The pH scale specifically goes from a value of 0 up to a value of 14, and depending on where the pH falls on the pH scale, this will determine if the solution is acidic or basic. Acidic solutions are going to be solutions that have a pH that is less than 7. If the pH is less than 7, then we have ourselves an acidic solution. On the other hand, a basic solution is actually a solution whose pH is greater than 7. And of course, if the pH is exactly equal to 7, then we have ourselves a neutral solution. Neutral solutions have a pH that is exactly equal to 7.

When it comes to the hydrogen ion concentration and the hydroxide ion concentration, the pH values are actually inversely related to the concentration of hydrogen ion. This means the lower the pH is, the greater the hydrogen ion concentration. Acidic solutions actually have really high hydrogen ion concentrations that are greater than the hydroxide ion concentration. In basic solutions, on the other hand, the higher the pH is, the lower the concentration of hydrogen ion. This means that in basic solutions, we can say that the hydrogen ion concentration will be smaller than the hydroxide ion concentration. In the middle, if we have a neutral solution whose pH is exactly equal to 7, the hydrogen ion concentration is going to be exactly equal to the hydroxide ion concentration.

It's important to notice how the acidic solution pH sign will flip when it's related to hydrogen ion concentration.

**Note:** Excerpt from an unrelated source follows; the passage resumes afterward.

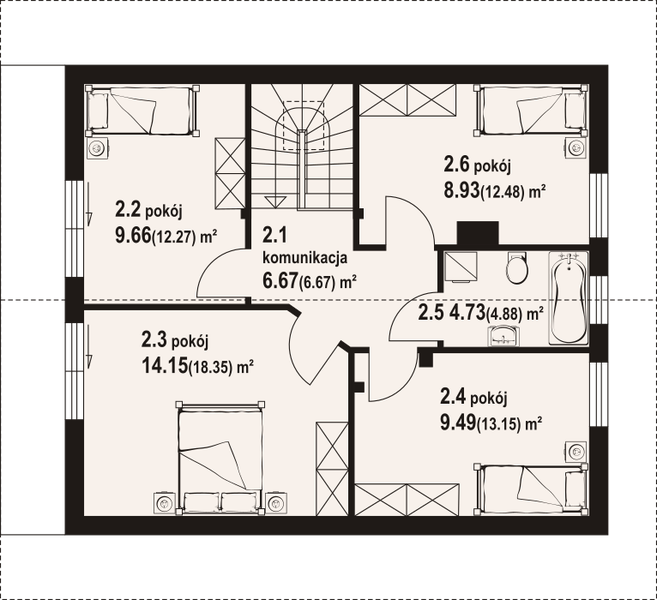 Poddasze projektu Gryfice a3 dw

The smaller the pH, the greater the hydrogen ion concentration, and the greater the pH of the solution, the smaller the hydrogen ion concentration. If we take a look at the pH scale image down below, we can apply this. Acidic solutions, which we have colored with a reddish background here, are further to the left of our scale, whereas the basic solutions at the bottom here are further to the right of our scale, and in the middle, the neutral solutions are right at a pH of 7. The more acidic the solution is, the lower the pH value will be, and the higher the pH is, the more basic the solution will be. Throughout this pH scale, we have different components that show where they fall on the pH scale. You can see battery acid has a pH associated with 0, so it's incredibly acidic; lemon juice, tomato juice, black coffee are indicated. Milk, which is slightly under a pH of 7, means that it is slightly acidic. Then we have pure water right here in the middle as a neutral solution. You can also see where ocean water falls, along with baking soda, ammonia, bleach, and drain cleaner as well.

One thing to note here is that the lower the value of the pH, the more hydrogen ions there are. So if we were to go ahead and fill in our hydrogen ions, we would see that there would be a lot of hydrogen ions over here towards the acidic end. Whereas towards the basic end over here, there would be a small amount of hydrogen ions, so we could just put 1 here for simplicity. Notice that the hydroxide ion concentration is going to be flipped. The more acidic the solution is, the lower the hydroxide ion concentration will be. We'll just put one here for simplicity. And of course, the higher the pH is, the more hydroxide ions there will be. You can see that the pH will tell us the hydrogen ion concentration, which will be very high over here and then as it makes its way over, it gets smaller and smaller. Indirectly, it also tells us the hydroxide ion concentration, which is the inverse. It starts really high over here and then as it makes its way over, it gets smaller and smaller. Right here in the middle where the pH is neutral, this means once again that the concentration of hydrogen ion is going to be exactly equal to the concentration of hydroxide ion. When the pH is equal to 7, the number of hydrogen ions, which we'll just put as 2 here, is going to be exactly equal to the number of hydroxide ions, which we'll put here as 2 as well.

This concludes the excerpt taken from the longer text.